RCAC, College of Pharmacy partner on AI tool to identify adverse drug effects from social media posts
Adverse drug effects are thought to be vastly underreported, but a team from Purdue’s College of Pharmacy is working with the Rosen Center for Advanced Computing (RCAC) to use artificial intelligence to change that.
RCAC senior research data scientist Sarah Rodenbeck partnered with Kyle Hultgren, the director of Purdue’s Center for Medication Safety Advancement and a clinical assistant professor of pharmacy practice, to design and implement a natural language processing (NLP) tool that can be used by a computer to identify social media posts regarding medication use and recognize the ones mentioning harm or side effects associated with them.
The tool identified potential adverse drug events (ADEs) in social media posts and gave researchers a way to interact with both the obtained data and the Food and Drug Administration (FDA)’s adverse event reporting system (FAERS) data. The model was successful in achieving 93% accuracy in classifying ADE tweets from non-ADE tweets.
ADEs are thought to be underreported because not everyone reports them to their doctors, for example, if a side effect is mild, or people do not think to report anything back to medical professionals.
Social media users seldom use precise medical terminology. Instead, the text is filled with slang, pop culture references, and jokes or sarcasm. Many NLP models face challenges to correctly interpret this type of text. However, the tool RCAC developed made it possible to interpret such language.
“By identifying ADEs in social media we hope to augment the view researchers have about how medications are used and experienced,” said Rodenbeck. “Combined with other data, this could eventually be used to identify additional side effects not already included on a drug label or to discover potential manufacturing problems. This could result in anything from additional safety studies all the way to partnering with manufactures to improve drug design.”
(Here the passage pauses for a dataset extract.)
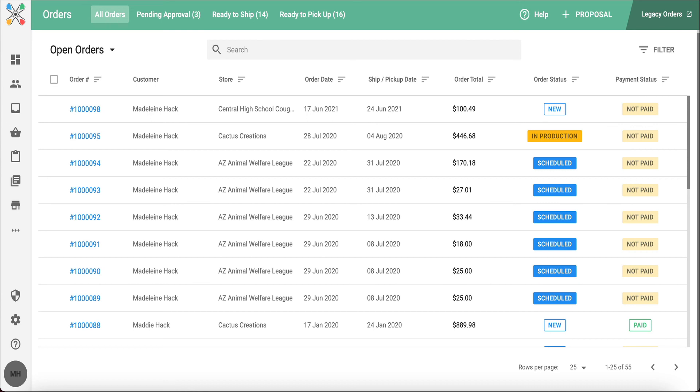This updated order management system is efficient, user-friendly, and a game-changer for managing sales.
The NLP model was part of a larger effort to improve and enhance the HubZero SafeRX tool, with Rajesh Kalyanam and Shawn Rice from RCAC also playing vital roles. Rice worked on updating the HubZero SafeRX database ingestion tool and Kalyanam was responsible for deploying the model.
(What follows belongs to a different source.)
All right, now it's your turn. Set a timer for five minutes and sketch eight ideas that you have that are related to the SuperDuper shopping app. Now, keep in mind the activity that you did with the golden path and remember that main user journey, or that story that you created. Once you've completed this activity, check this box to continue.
This study illustrates how technology like GPUs and high-performance computing can be used to benefit a previously underrepresented domain such as pharmacy. In addition to the interdisciplinary partnership between the College of Pharmacy and RCAC, this work makes use of Anvil, Purdue's recently built $10 million NSF-funded supercomputer.
Anvil was used to train the NLP model and perform binary classification inference on tweets collected each month. Anvil GPUs were used to train the model, and Anvil CPUs were used to perform inference with the trained ML model. A startup allocation of 100,000 service units on Anvil is being used to collect Twitter data and run the inference on a regular basis by manual job submission via Anvil's Slurm scheduler.
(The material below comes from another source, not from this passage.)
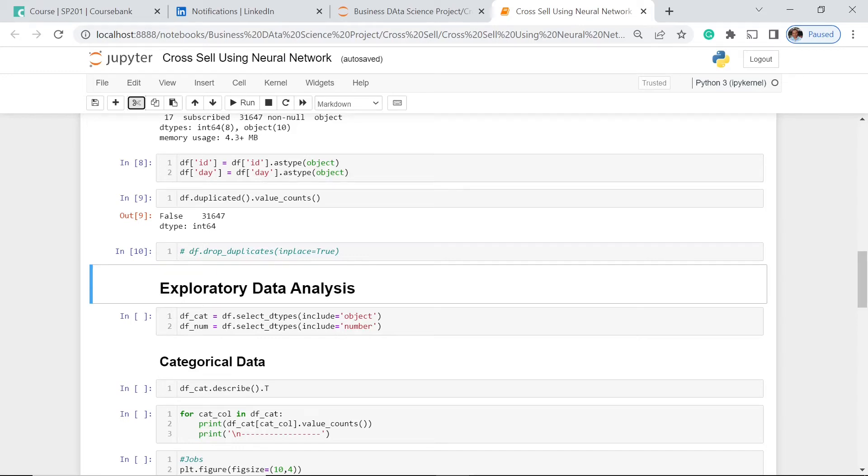Welcome to our data science project, Cross-Cell Prediction Using Neural Network. In this part of our project, we're going to dive deeper into our analysis.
“I really want to emphasize how important this collaboration has been for my team,” says Hultgren. “Working with RCAC has truly made a powerful impact on our work and our ability to understand more about how the US population is interacting with prescription medications. Ultimately, it is collaborations like this that will help us make a clinical impact in our communities as we strive to reduce the harm associated with medication use.”
This project was supported by funding from the FDA.
The researchers intend to propose phase 2 of this initiative early in the new year, based on the FDA's feedback. Phase 2 of the study will focus on classifying ADEs using hierarchies of medical terms rather than just identifying them.